Logo Questions Linux Laravel Mysql Ubuntu Git Menu
 

The "--cluster-store" and "--cluster-advertise" don't work

Tags:

docker

I try to setup docker cluster with swarm and consul. I have manager, host1, and host2.
I run consul and swarm manager containers on the manager.

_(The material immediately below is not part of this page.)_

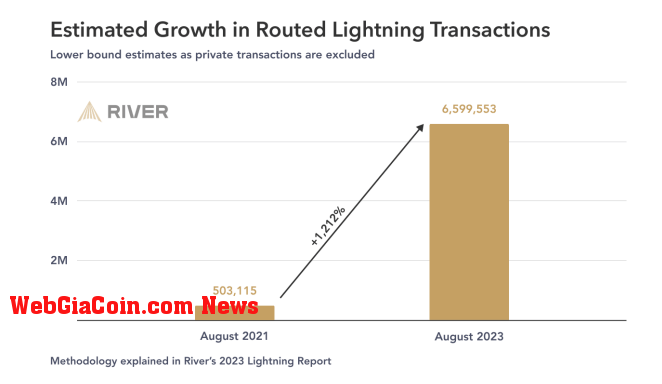 lightning transaction number growth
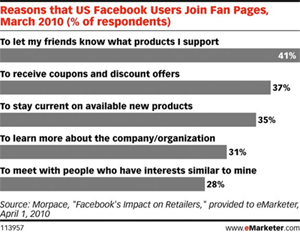 Facebook Fan Stats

$ docker run --rm -p 8500:8500 progrium/consul -server -bootstrap
$ docker run -d -p 2377:2375 swarm manage consul://<manager>:8500

On host1 and host2, I modify the daemon options with --cluster-store and --cluster-advertise, and restart docker daemon.

host1
DOCKER_OPTS="--cluster-store=consul://<manager>:8500 --cluster-advertise=<host1>:2375"
host2
DOCKER_OPTS="--cluster-store=consul://<manager>:8500 --cluster-advertise=<host2>:2375"

When I join host1 and host2 to the swarm, it fails.

host1 $ docker run --rm swarm join --advertise=<host1>:2375 consul://<manager>:8500
host2 $ docker run --rm swarm join --advertise=<host2>:2375 consul://<manager>:8500

From the swarm manager log, it error out.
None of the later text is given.